Adrian Theroux was just 16 years old when he began working at Paradise Pet Centre in St. Albert. Seventeen years later, he’s now the general manager and said he can’t imagine working anywhere else.
“I think that says a lot about our company, to have someone at that age come in. It was my first job and I just really enjoyed the people I was working with and the positive atmosphere and environment,” Theroux said.
On Tuesday at the city’s annual Business Breakfast, Paradise Pet Centre was the recipient of an Asset Champion Award for most Youth-Friendly Employer. The award for most youth-friendly business went to Success 2000 Study Centres.
With 12 to 14 staff under 20 years of age working at the store, Theroux said he prefers to hire people who have been customers at the store and who will better know what’s expected of them.
“Customer service is a huge part of our business and if someone experiences that as a customer for years and years, then they know what to do when they get into the workforce.”
One of those long-time customers-turned-employees is Robyn Sayer, 17, who has worked at the store since April but has been visiting since she was an infant.
“It’s definitely a very friendly atmosphere. The manager, Adrian, is really nice and because he’s a little closer to our age … it’s really easy to get along with him,” she said.
Sayer said the store is very accommodating when it comes to scheduling around other commitments, such as exams.
“There is a lot of leeway. If I had an exam the next day and I really needed something, he’s really understanding that way,” said Sayer.
Theroux said it’s important to teach customer service skills to employees at an early age so they can develop good working habits later on.
“They’re our future and they need to, at a young age, learn business and learn customer service and public relations and those kind of things so that when they actually get into the work force as a career, they’ve had that experience already,” he said.
The Asset Champion Awards are just one way the City of St. Albert is supporting community initiatives that reflect the 40 Developmental Assets, a group of building blocks that, according to a large body of research, contribute to health, wellbeing and personal success in young people.

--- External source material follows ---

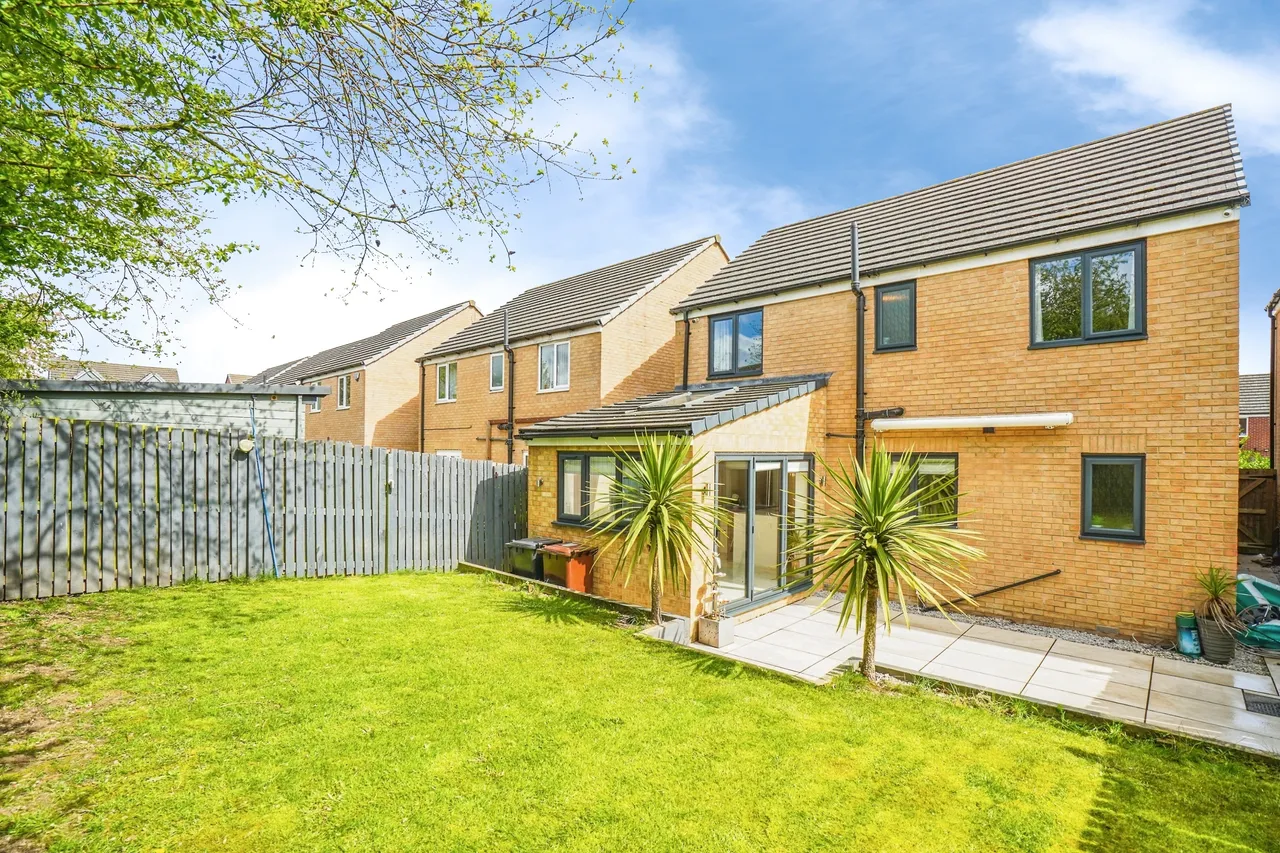 Poplar Place, Leeds, LS14, photo 17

Some of the assets include peaceful conflict resolution, responsibility, service to others and sense of purpose.
“The more building blocks that kids have, the most likely they are to succeed, the less likely they are to become involved in high risk-taking behaviour and more likely to do well,” said Linda Knoblauch, community development co-ordinator with Family & Community Support Services in St. Albert.

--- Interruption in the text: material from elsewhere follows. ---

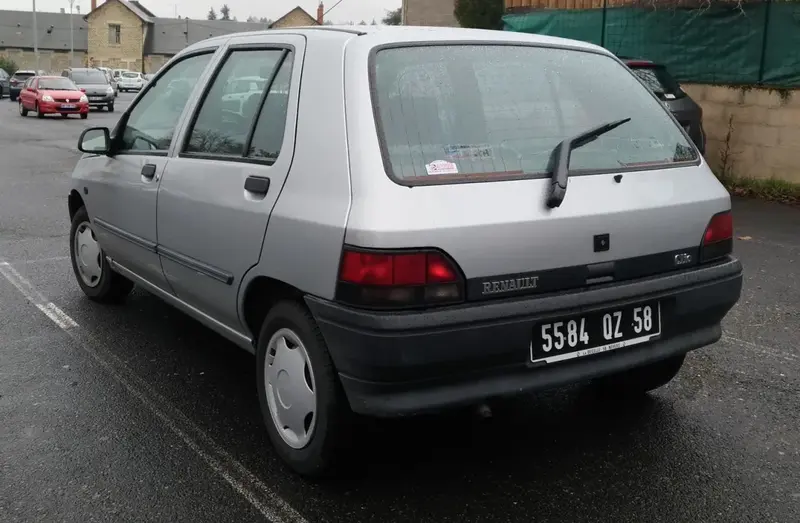 Renault Clio - 2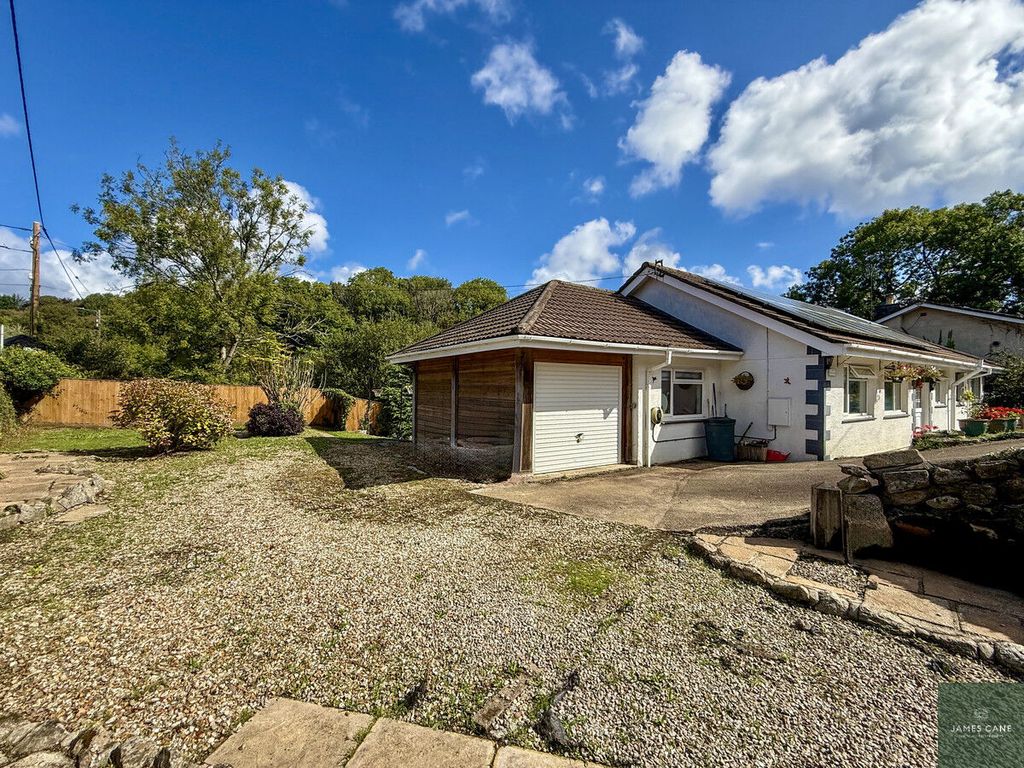 Property photo 3 of 23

She said this is the third year FCSS, along with representatives from the RCMP and both the Protestant and Catholic School boards have been promoting the asset development philosophy in St. Albert. This year, said Knoblauch, the focus was on businesses in the community.
“There is a role in everyone in the community to help build assets in youth, not just families and schools,” she said.
For the past 15 years, Success 2000 Study Centres, which was recognized as being the most youth-friendly business on Tuesday, has been providing tutoring services for students of all ages.
“We have a safe place for kids to come after school to get help with homework or help preparing for tests,” said Paul Kinkaide, who purchased the business in 1993 with his wife Christie, an early childhood educator.
“We also help kids develop homework routines and study skills,” said Kinkaide, who has an elementary teaching degree.
Rather than offer structured programs, Kinkaide said they cater programs to the individual needs of the 1,000 or so kids they see every year.
“I love helping the kids. That’s why I do this job. There are a lot of different things I could do to make money but this has been very rewarding for myself, far beyond what we make on a business side,” said Kinkaide.